Stored data
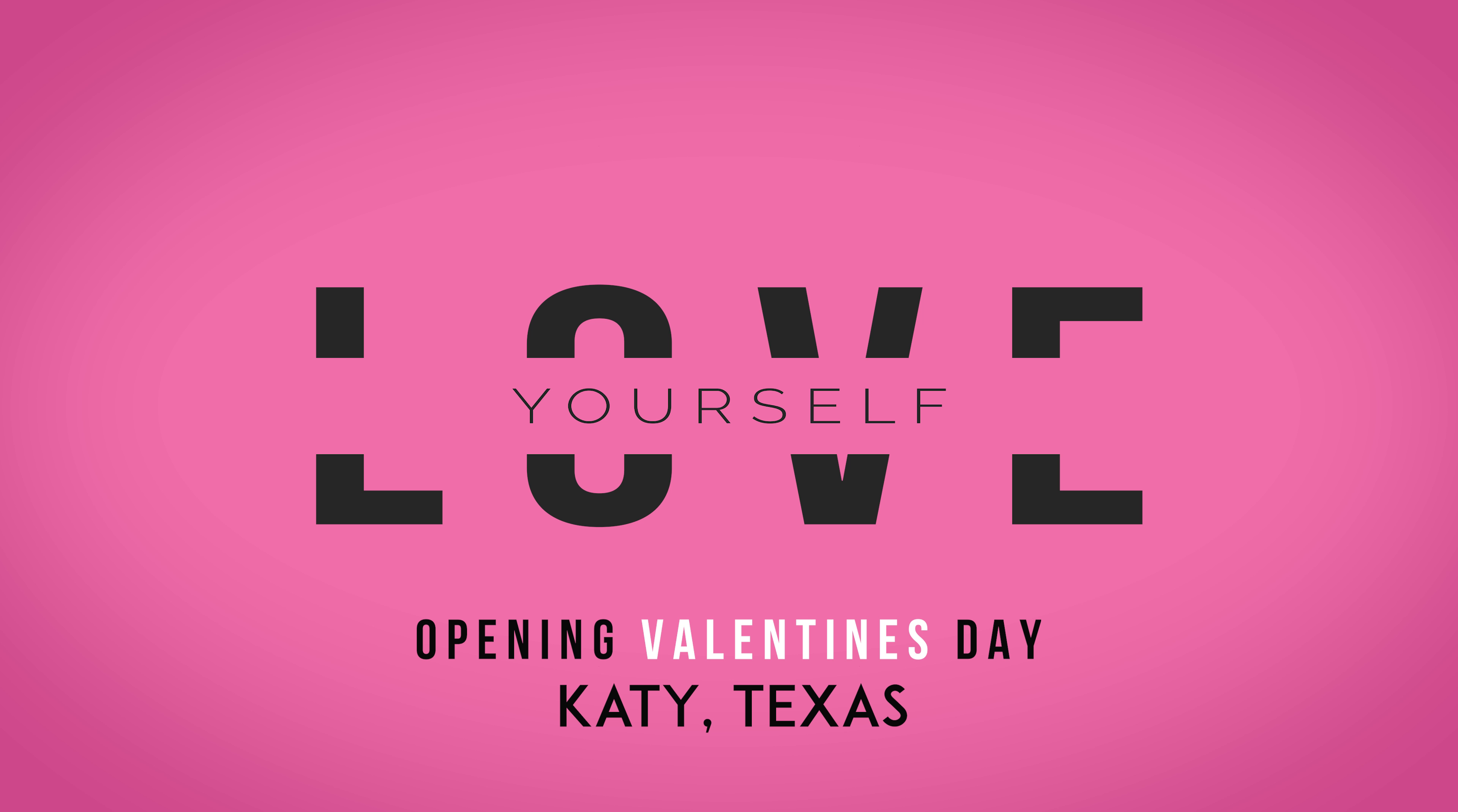We can't wait to meet you for your first MainSqueeze Juice Co-Experience. We look forward to serving you and the Katy community.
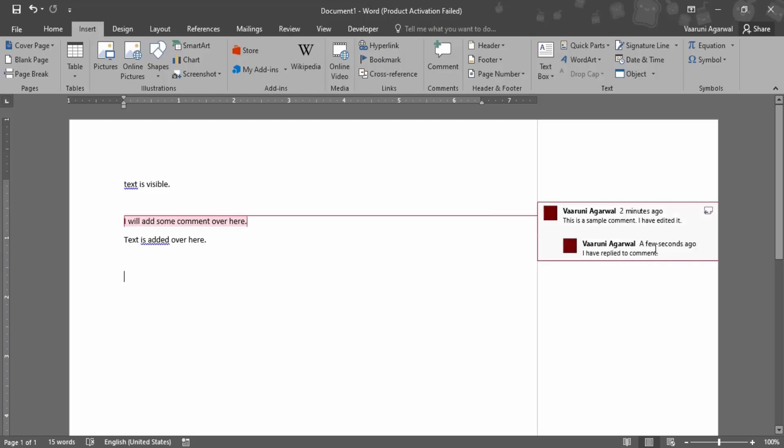This is how you add the comments in a Word document. That's all for this video, thanks for watching.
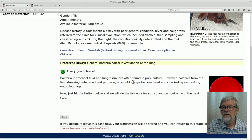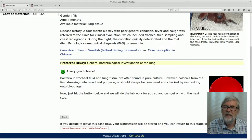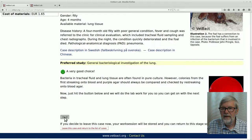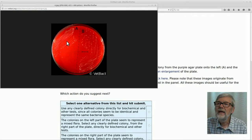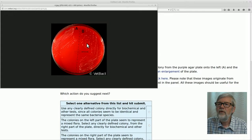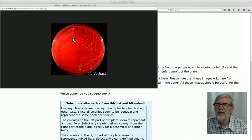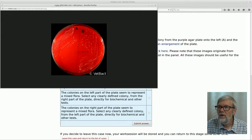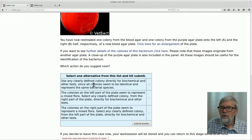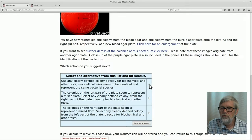What you now have to do is to streak these two colonies — one and five — on another blood agar plate to compare them with each other and check if they are the same. You have the plate here and you streak them by clicking on this link. The plate is divided into two parts: part A has colonies from the blood agar and part B from the purple agar. If you inspect these colonies carefully you will see there is no difference in appearance between part A and part B. So you can use any clearly defined colony directly for biochemical and other tests.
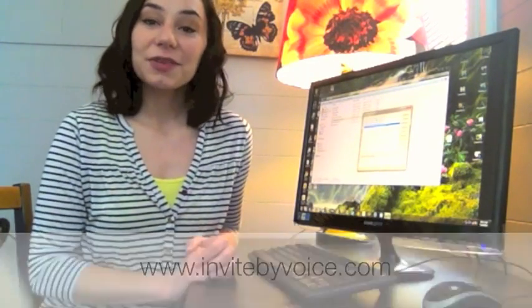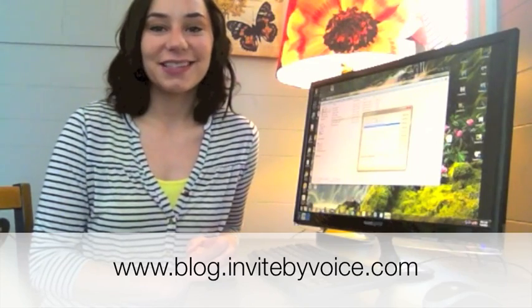Thanks for watching this video. Please be sure to check out our other great products at InviteByVoice.com and follow us on our blog at blog.invitebyvoice.com. Thanks.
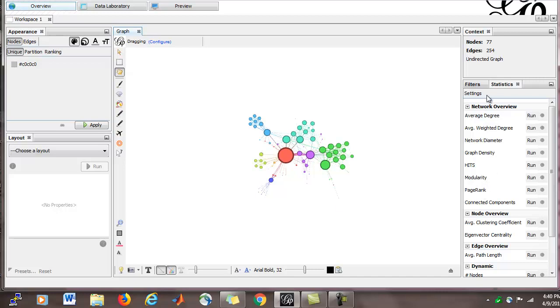But let's go over to the right-hand side of the screen, and you can see there are some tabs for filters and statistics. We're going to click on the Statistics tab, and under the Network Overview menu, there's Average Degree.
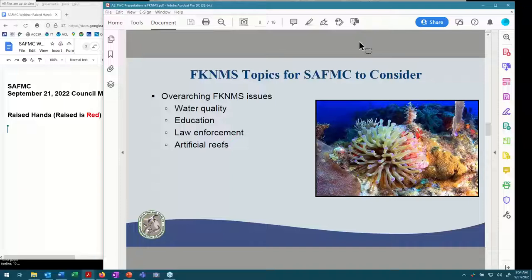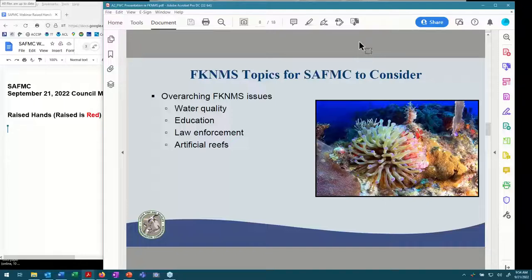Several key overarching issues FWC staff has already heard from the public include: the need to improve water quality in the Florida Keys; improved boater education to prevent damage to sensitive benthic habitat; the need for increased law enforcement in the Keys; and the desire to have the sanctuary incorporate more artificial reefs into their marine zoning scheme. The council's previous comment letter highlighted some of these issues as a desired priority for the sanctuary to address. These topics are largely addressed in the management plan, so I would encourage the council to see what has been proposed and evaluate whether it fits the council's perspective.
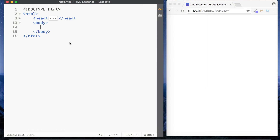Welcome back to DevDreamer. In this lesson I want to talk about text formatting. So far we've taken a look at the paragraph element and seen that we can use it to output basic text to the screen. HTML actually contains some special elements used to format text and render them to the screen, and we're going to be looking at the vast majority of them in this lesson.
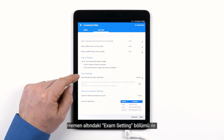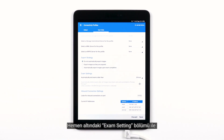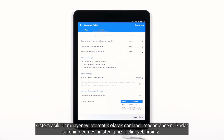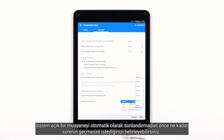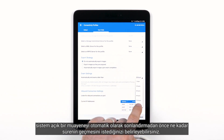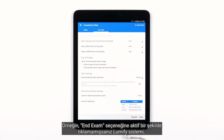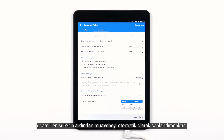The exam settings section just below allows you to set the amount of time you want to pass before the system automatically ends an open exam. For instance, if you haven't actively tapped the end exam option, the Lumify system will automatically end the exam after the amount of time shown.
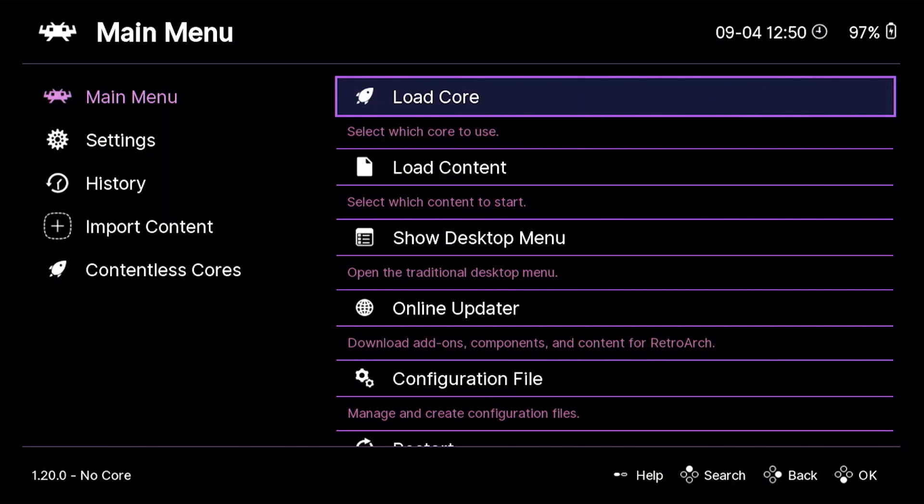Now before we begin, there are a few prerequisites. Obviously you're going to need RetroArch. I'm using version 1.20, which is the latest version as of me recording this video. Now, this feature has been around for a couple of years now, so if you're running a slightly older version, this should still work.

**AIM OF THE EXERCISE:** Without copying any images, transcribe the records exactly as they stand.

**YOUR SOLUTION:**
We can't wait to meet you for your first MainSqueeze Juice Co-Experience. We look forward to serving you and the Katy community.
This is how you add the comments in a Word document. That's all for this video, thanks for watching.
What you now have to do is to streak these two colonies — one and five — on another blood agar plate to compare them with each other and check if they are the same. You have the plate here and you streak them by clicking on this link. The plate is divided into two parts: part A has colonies from the blood agar and part B from the purple agar. If you inspect these colonies carefully you will see there is no difference in appearance between part A and part B. So you can use any clearly defined colony directly for biochemical and other tests.
Thanks for watching this video. Please be sure to check out our other great products at InviteByVoice.com and follow us on our blog at blog.invitebyvoice.com. Thanks.
But let's go over to the right-hand side of the screen, and you can see there are some tabs for filters and statistics. We're going to click on the Statistics tab, and under the Network Overview menu, there's Average Degree.
Several key overarching issues FWC staff has already heard from the public include: the need to improve water quality in the Florida Keys; improved boater education to prevent damage to sensitive benthic habitat; the need for increased law enforcement in the Keys; and the desire to have the sanctuary incorporate more artificial reefs into their marine zoning scheme. The council's previous comment letter highlighted some of these issues as a desired priority for the sanctuary to address. These topics are largely addressed in the management plan, so I would encourage the council to see what has been proposed and evaluate whether it fits the council's perspective.
Welcome back to DevDreamer. In this lesson I want to talk about text formatting. So far we've taken a look at the paragraph element and seen that we can use it to output basic text to the screen. HTML actually contains some special elements used to format text and render them to the screen, and we're going to be looking at the vast majority of them in this lesson.
The exam settings section just below allows you to set the amount of time you want to pass before the system automatically ends an open exam. For instance, if you haven't actively tapped the end exam option, the Lumify system will automatically end the exam after the amount of time shown.
Now before we begin, there are a few prerequisites. Obviously you're going to need RetroArch. I'm using version 1.20, which is the latest version as of me recording this video. Now, this feature has been around for a couple of years now, so if you're running a slightly older version, this should still work.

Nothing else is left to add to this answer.